An extensive study of caribou herds across British Columbia and Alberta suggests a way to reverse a long and steady decline of the endangered species — kill more wolves and moose and pen pregnant cows.
“It’s go hard or go home,” said Rob Serrouya, a University of Alberta biologist and lead author of the study released Monday in the Proceedings of the National Academy of Sciences.
“Unfortunately, it’s that black or white.”
Another study released within days of Serrouya’s suggests another way. And wildlife advocates worry Serrouya’s findings could be misused, illustrating the complexity of what he calls the “toughest conservation challenge in North America.”
Improvement with managed herds
Serrouya and his colleagues looked at 18 caribou herds ranging over more than 90,000 square kilometres. At the study’s start in 2004, 16 herds were declining.
Restoring habitat damaged by oil, gas and forestry activity is too slow, said Serrouya. Herds don’t have the decades that takes.
The scientists compared four government-run management programs — killing wolves, protecting pregnant cows, moving caribou between ranges and culling moose that attract predators. Six of the herds were not managed.
By 2018, the unmanaged herds remained unchanged.
But eight of the 12 managed herds improved. Half of them had either stabilized or begun increasing. One almost doubled over three years to 67 from 36 animals.
“That’s almost unprecedented,” Serrouya said. “It doesn’t mean recovery, but it means some of these herds have turned around. It’s the first study to show management has turned around sharp declines of caribou on such a broad scale.”
Herds with the best growth rates were linked to both maternity pens to protect pregnant cows during calving and extensive wolf kills. Ranges with the best herd growth had the most intense cull.
Those five ranges saw a total of 144 wolves killed every year, mostly by aerial gunning and strychnine. A cull that large over the entire study area would result annually in nearly 650 carcasses, although Serrouya said that’s not being recommended.
Removing moose at the same time would allow managers to kill up to 80 per cent fewer wolves, he said. Still, moose numbers in any one range would have to be reduced by up to 83 per cent.
Alternative: Reduce wolf-caribou encounters
Jonah Keim, an independent biologist and consultant, offers a different solution. In research published in the British Ecological Society’s journal, he suggests caribou can be adequately protected by making it tough for wolves to get to them.
“What we need to do is reduce the encounters between wolves and caribou,” he said. “You can do that without reducing the number of wolves.”
Between 2011 and 2014, Keim studied what would happen if it weren’t so easy for wolves, deer and moose to follow cutlines and forestry roads into caribou habitat. Over an 800-square-kilometre area, researchers dropped 200 cubic metres of tree debris every 200 metres.
The rate at which wolves stopped using the paths dropped 70 per cent, the study found.
“It was unbelievably effective at reducing wolf use,” said Keim.
Serrouya applauded Keim’s paper, but questioned its practicality on a landscape with 350,000 kilometres of linear disturbance.
“To block 350,000 kilometres would take years and years,” he said. “What would happen in the meantime?”
Four herds vanished between 2004 and 2018.
‘War on wildlife’
Keim said efforts could be focused on where they’d do the most good.

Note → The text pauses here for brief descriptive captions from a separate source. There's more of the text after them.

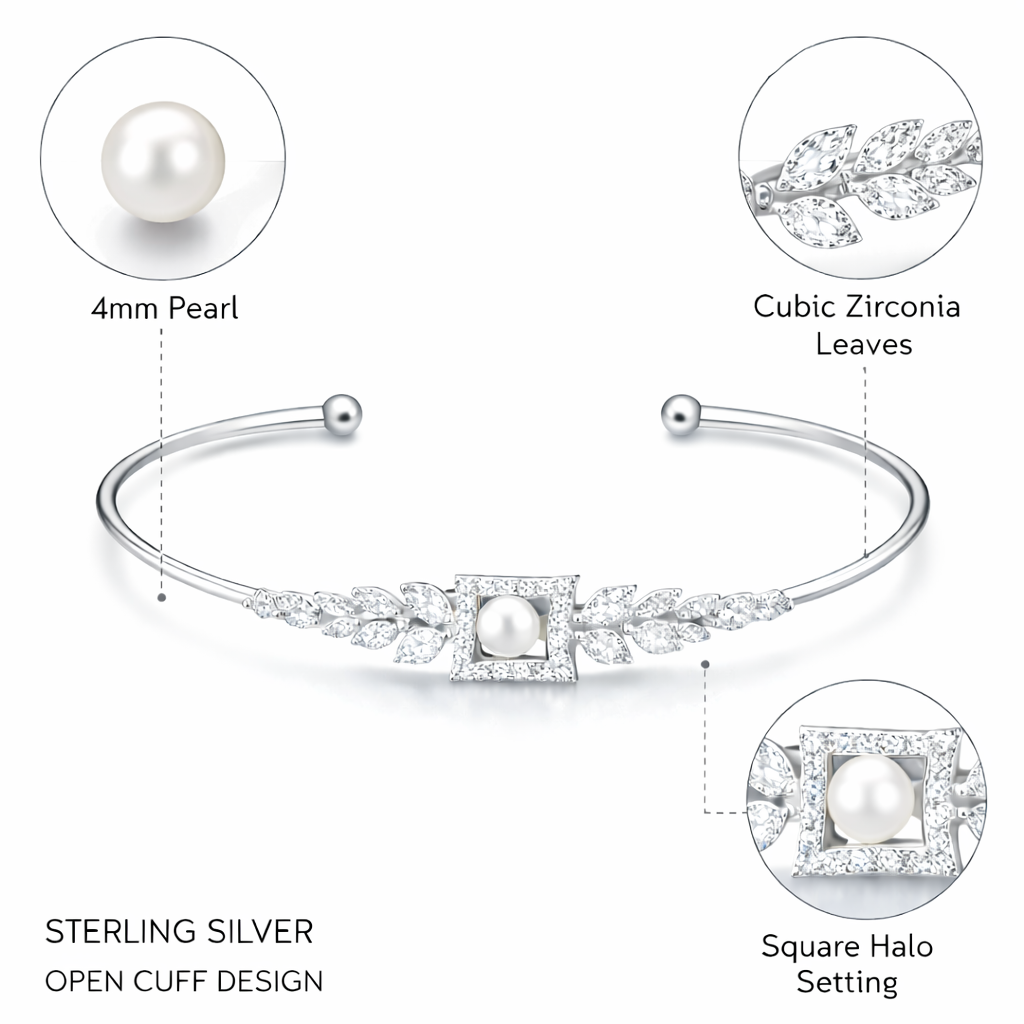 925 sterling silver cuff bracelet for women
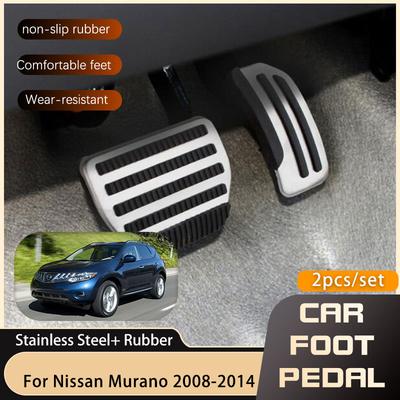 Stainless Steel Car Pedals For Nissan Murano 2008 2009 2010 2011 2012 2013 2014 Gas Accelerator Brake Non-Slip Pedal Cover Pads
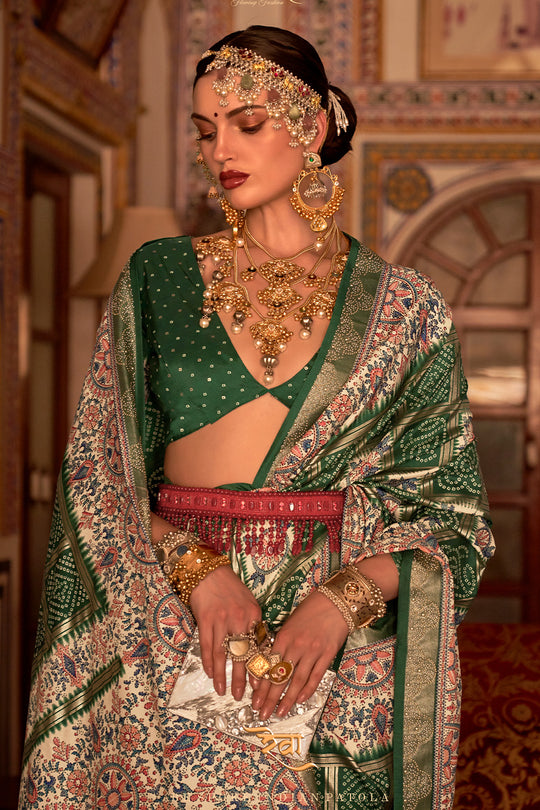 Dark Green Digital Printed Zari Silk Saree With Blouse Piece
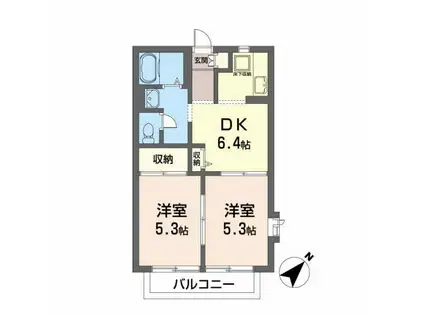 タウンコート砂押(2DK/1階)の間取り写真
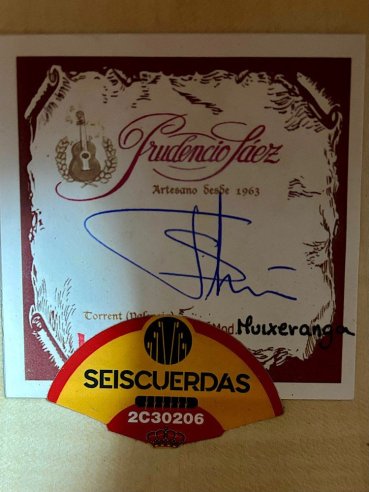 Prudencio Saez Muixeranga C Top Cedro Fasce/Fondo Ebano Bianco Chitarra Classica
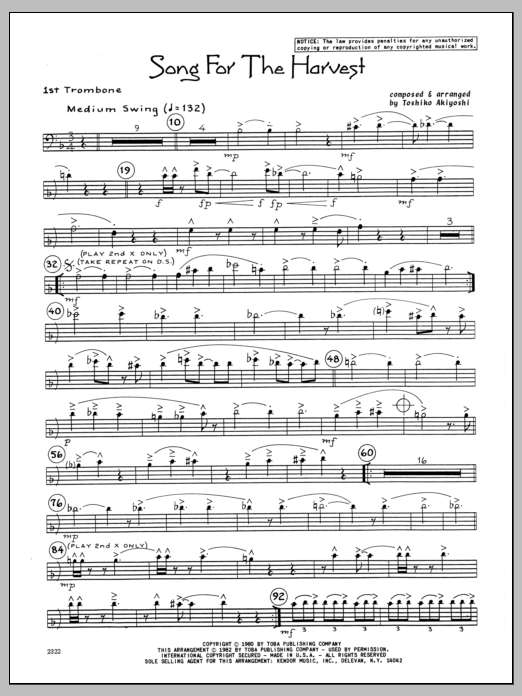 Download Toshiko Akiyoshi Song For The Harvest - 1st Trombone Sheet Music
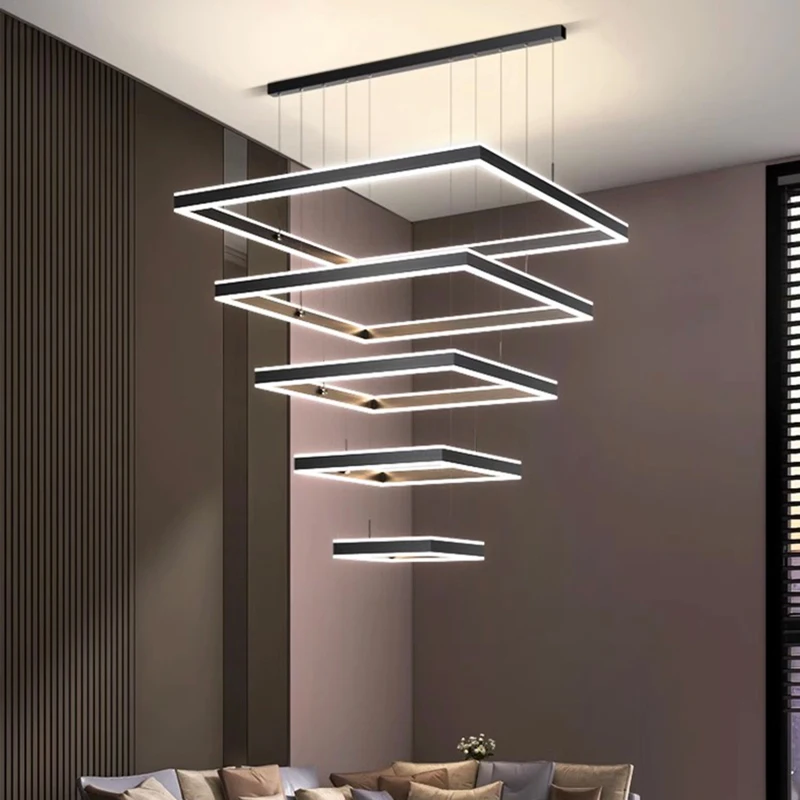 Nordic Design Black Square Acrylic LED chandelier lustre indoor lighting Ceiling Hanging wire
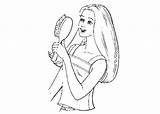 Coloring Hair Barbie Brushing Cartoon Salon Comb Brush Beauty Getcolorings Printable Sketch Face Template sketch template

He suggested that snowmobile trails could be designed to draw wolf packs away from caribou. It wouldn’t be that hard, he said.
“That type of work can be done in the summer or winter by somebody on foot.”
Carolyn Campbell of the Alberta Wilderness Association fears Serrouya’s findings could be used to declare “a war on wildlife.”
“These findings could be used by industry and government to prolong unsustainable forest exploitation while endlessly harming wildlife species,” she said.
She urged governments to keep restoring habitat.
Serrouya said drastic measures will be needed into the foreseeable future.
“Society would have to change the way it values natural resources. Society would have to decide to reduce the rate of resource extraction.”